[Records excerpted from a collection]
• • • • •

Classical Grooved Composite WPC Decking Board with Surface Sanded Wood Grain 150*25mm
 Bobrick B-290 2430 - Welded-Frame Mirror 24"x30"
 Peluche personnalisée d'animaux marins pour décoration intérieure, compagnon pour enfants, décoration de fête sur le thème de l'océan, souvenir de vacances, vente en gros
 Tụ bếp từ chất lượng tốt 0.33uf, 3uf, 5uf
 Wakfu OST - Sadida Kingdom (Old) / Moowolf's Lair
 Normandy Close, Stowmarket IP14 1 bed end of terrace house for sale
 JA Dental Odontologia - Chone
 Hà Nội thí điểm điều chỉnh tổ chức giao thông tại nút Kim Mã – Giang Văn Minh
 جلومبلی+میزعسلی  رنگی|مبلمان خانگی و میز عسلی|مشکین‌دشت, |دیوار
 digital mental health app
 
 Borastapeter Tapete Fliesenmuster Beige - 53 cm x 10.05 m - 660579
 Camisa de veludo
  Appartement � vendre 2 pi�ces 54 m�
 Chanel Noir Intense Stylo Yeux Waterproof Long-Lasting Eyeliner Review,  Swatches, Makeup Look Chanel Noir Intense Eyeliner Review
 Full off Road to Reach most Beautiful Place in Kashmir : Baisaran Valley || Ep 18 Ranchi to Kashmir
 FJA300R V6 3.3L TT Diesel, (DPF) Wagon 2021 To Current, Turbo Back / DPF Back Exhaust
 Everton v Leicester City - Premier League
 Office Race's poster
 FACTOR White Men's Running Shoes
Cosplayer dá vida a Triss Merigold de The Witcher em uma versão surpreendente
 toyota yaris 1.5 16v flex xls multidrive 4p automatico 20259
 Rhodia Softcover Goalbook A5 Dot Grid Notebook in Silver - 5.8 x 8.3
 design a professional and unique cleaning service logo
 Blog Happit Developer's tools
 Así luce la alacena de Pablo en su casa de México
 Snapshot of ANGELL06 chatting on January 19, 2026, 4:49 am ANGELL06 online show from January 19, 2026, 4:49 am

• • • • •

| What the exercise asks |
Your answer must be the lines from the one containing "toyota yaris 1.5" through the last line of the entries, copied exactly, with no other lines.

| Answer area |
 toyota yaris 1.5 16v flex xls multidrive 4p automatico 20259
 Rhodia Softcover Goalbook A5 Dot Grid Notebook in Silver - 5.8 x 8.3
 design a professional and unique cleaning service logo
 Blog Happit Developer's tools
 Así luce la alacena de Pablo en su casa de México
 Snapshot of ANGELL06 chatting on January 19, 2026, 4:49 am ANGELL06 online show from January 19, 2026, 4:49 am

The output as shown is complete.